Biman’s email server down with ransomware

Biman’s email server was attacked with ransomware on Friday and the organisation has yet been unable to recover it.

Multiple top officials of Biman wishing anonymity told The Daily Star today that they have been unable to communicate with their colleagues since Saturday.

Ransomware is a type of malware that accesses data and threatens to publish it, or permanently blocks access to it unless a ransom is paid. This ransom can go up to hundreds of thousands of dollars.

At the moment, the ransomware has access to all the emails sent by every single official in Biman, including sensitive information about aeroplanes, routes, crew, pilots, airports, schedules, passengers, purchase, billing, procurement etc.

Biman was declared a critical information infrastructure last year in October, considering the nature of the organisation.

According to the Digital Security Act, these infrastructures are those that control, process, circulate or preserve any information-data or electronic information that if damaged or critically affected, may adversely affect public safety, financial security, public health, national security or national integrity, and sovereignty.

Biman Managing Director and CEO Shafiul Azim said that the malware encrypted the mail server.

However, the server dealing with ticket reservations, ticketing, and checking in has not been affected.

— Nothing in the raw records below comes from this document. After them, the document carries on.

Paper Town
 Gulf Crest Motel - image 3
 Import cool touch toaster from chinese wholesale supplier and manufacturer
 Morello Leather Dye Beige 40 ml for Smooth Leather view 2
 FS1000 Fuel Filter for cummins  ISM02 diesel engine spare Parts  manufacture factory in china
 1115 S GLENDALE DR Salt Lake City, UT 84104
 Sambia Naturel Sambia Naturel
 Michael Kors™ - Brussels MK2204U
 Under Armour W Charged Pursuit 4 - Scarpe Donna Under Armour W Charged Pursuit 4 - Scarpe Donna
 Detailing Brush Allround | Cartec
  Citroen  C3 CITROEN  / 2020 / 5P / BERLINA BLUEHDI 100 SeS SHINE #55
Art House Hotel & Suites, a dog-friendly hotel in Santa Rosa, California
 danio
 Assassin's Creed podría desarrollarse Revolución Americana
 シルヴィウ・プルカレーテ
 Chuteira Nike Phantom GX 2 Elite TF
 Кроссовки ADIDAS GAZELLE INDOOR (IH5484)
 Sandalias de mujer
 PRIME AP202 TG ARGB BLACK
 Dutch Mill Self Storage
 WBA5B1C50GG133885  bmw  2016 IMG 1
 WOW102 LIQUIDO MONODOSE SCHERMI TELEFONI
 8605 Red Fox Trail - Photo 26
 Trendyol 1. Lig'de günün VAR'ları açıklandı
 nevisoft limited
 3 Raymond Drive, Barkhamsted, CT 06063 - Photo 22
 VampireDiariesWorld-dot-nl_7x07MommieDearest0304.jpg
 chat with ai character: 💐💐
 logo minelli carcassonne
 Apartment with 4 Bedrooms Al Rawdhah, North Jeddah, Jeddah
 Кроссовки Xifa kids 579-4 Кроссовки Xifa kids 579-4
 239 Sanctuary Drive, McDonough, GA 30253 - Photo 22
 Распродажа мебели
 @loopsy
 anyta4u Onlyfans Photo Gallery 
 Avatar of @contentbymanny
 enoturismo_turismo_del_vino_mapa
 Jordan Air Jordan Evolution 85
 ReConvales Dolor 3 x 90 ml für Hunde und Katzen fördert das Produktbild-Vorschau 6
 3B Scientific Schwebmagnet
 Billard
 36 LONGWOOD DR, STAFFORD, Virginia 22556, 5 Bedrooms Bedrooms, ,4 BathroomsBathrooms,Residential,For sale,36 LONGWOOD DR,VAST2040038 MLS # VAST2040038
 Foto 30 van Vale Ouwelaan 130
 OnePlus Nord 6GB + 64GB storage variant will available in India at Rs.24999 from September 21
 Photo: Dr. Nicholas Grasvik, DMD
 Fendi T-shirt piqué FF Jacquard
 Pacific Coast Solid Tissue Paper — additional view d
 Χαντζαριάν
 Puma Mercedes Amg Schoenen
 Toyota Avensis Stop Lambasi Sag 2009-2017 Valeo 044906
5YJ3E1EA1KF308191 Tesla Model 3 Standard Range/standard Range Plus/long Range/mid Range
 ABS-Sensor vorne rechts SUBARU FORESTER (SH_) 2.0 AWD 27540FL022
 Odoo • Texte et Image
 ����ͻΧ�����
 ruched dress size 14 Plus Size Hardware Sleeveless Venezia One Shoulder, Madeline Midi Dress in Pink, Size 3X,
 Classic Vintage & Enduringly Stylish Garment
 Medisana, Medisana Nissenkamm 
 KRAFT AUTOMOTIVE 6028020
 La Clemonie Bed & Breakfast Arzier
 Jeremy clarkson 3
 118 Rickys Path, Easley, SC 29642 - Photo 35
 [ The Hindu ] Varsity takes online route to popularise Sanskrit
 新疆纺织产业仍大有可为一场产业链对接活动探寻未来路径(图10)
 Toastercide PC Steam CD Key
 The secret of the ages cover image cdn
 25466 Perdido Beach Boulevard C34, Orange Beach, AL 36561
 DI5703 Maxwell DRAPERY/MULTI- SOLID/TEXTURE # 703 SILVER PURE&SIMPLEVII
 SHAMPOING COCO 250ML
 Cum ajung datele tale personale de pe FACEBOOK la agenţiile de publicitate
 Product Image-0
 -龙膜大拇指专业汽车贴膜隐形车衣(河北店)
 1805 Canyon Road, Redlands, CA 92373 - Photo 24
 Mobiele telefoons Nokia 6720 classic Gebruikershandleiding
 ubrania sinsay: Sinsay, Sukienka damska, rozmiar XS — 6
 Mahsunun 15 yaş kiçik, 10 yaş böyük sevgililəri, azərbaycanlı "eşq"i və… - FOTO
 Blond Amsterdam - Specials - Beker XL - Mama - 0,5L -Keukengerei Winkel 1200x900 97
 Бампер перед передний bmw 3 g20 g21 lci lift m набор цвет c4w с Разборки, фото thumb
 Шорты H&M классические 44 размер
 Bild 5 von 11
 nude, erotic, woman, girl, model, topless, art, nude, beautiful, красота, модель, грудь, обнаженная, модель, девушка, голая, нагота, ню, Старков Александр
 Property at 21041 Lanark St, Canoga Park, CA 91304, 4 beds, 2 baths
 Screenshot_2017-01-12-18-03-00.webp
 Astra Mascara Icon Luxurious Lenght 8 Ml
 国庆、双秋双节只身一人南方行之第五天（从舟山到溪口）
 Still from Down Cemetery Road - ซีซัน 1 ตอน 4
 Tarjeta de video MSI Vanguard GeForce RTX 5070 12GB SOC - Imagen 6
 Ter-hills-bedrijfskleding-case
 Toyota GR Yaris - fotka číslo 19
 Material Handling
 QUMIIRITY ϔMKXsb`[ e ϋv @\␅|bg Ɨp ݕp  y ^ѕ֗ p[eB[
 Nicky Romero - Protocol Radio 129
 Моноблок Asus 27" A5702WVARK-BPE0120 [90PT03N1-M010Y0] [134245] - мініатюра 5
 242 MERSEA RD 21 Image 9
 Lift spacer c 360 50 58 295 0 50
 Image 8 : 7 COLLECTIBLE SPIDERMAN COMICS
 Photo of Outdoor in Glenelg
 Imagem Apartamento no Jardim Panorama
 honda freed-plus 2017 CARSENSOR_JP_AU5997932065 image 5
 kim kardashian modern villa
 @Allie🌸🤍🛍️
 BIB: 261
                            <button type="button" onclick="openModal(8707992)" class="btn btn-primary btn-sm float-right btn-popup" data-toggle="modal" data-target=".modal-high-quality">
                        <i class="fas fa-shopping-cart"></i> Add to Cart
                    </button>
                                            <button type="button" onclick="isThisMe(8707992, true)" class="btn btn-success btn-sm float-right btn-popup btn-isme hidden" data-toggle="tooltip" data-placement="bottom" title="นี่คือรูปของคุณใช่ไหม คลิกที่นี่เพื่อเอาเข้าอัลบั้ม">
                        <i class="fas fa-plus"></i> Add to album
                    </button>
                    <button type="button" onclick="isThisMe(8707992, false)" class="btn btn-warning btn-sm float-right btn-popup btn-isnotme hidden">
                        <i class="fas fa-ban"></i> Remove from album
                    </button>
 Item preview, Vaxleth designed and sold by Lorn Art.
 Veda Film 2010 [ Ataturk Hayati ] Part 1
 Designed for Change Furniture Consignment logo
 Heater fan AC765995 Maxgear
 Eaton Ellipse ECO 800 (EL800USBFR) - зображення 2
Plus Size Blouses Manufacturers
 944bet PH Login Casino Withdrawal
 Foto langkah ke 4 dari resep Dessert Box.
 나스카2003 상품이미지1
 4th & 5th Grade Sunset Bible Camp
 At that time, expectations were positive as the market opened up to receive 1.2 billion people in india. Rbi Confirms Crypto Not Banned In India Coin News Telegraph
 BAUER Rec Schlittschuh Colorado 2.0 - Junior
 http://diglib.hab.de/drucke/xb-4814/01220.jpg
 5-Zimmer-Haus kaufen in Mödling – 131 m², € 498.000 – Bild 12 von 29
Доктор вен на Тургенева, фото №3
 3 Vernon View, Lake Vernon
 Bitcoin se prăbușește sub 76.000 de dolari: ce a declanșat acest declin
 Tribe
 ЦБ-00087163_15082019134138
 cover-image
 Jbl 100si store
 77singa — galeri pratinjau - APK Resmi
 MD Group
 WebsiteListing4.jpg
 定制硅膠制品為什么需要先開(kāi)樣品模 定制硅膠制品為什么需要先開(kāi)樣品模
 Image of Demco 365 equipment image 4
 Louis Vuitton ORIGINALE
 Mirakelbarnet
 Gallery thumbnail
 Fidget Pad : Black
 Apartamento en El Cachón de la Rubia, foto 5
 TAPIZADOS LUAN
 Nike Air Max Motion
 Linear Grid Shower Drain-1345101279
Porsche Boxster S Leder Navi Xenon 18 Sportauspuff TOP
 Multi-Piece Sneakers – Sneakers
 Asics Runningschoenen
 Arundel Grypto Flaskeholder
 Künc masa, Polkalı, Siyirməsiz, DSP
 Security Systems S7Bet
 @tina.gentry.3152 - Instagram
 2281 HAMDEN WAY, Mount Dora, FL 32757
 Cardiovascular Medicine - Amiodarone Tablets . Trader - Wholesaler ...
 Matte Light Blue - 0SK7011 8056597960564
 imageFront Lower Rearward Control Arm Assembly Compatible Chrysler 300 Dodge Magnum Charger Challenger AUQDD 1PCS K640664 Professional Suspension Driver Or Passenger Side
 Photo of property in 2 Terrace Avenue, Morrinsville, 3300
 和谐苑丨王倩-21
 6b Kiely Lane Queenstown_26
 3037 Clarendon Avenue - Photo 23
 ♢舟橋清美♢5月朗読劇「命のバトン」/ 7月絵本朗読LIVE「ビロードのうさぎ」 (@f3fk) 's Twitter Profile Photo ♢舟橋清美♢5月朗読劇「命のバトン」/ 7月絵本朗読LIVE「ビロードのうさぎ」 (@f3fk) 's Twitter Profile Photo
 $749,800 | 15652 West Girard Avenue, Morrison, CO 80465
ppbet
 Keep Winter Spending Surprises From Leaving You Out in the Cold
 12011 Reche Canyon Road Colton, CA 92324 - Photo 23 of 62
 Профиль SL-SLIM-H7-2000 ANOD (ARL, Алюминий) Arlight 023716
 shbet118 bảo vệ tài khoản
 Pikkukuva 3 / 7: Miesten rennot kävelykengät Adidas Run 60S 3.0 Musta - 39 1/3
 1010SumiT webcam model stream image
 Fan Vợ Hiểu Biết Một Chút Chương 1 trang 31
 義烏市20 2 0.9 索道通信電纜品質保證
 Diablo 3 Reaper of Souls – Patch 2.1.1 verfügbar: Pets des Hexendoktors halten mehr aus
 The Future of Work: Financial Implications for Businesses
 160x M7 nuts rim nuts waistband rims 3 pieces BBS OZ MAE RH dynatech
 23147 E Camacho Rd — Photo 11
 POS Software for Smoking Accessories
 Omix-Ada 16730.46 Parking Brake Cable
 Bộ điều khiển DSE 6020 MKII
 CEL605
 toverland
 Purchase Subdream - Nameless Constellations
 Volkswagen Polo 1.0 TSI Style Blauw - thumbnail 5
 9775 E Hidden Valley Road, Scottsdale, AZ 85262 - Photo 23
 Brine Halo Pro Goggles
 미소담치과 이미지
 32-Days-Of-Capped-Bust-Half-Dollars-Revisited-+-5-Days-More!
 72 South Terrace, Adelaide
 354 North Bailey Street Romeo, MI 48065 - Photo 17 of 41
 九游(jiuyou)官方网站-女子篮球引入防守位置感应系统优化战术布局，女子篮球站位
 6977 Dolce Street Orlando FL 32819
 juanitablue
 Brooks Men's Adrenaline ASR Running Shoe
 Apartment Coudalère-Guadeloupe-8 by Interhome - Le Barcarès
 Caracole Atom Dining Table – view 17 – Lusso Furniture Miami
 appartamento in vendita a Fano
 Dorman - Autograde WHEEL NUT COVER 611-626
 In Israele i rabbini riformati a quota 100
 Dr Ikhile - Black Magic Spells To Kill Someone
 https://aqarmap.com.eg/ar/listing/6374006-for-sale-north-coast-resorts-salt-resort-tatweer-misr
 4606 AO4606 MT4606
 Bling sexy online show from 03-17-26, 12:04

“Everyday I need to communicate with different stakeholders both inside and outside the country through Biman’s email. But I have been in the dark for the last two days,” said the Biman official.

Another official also said, he couldn’t communicate with the outside world due to the disruption in Biman’s email server. This includes their outstations in international airports.

“We are almost dysfunctional without communicating through our email,” he said, adding, some officials are trying to carry out their work manually.

However, Azim claimed that what happened in Biman’s email server was not hacking.

He also claimed that no data or information was stolen.

Asked whether hackers demanded any ransom, the Biman boss said, “It was not a case of hacking.”

Azim said, “Immediately after the incident, our IT team started recovering the system and communication through our email server has already started in a small scale.”

Another Biman official late last night said the access to the server has not been restored.

The punishment for hacking such infrastructure is life imprisonment.

However in spite of the seriousness of the matter, Biman is yet to notify the Digital Security Agency, confirmed its director (operations) Md Aminul Ehsan.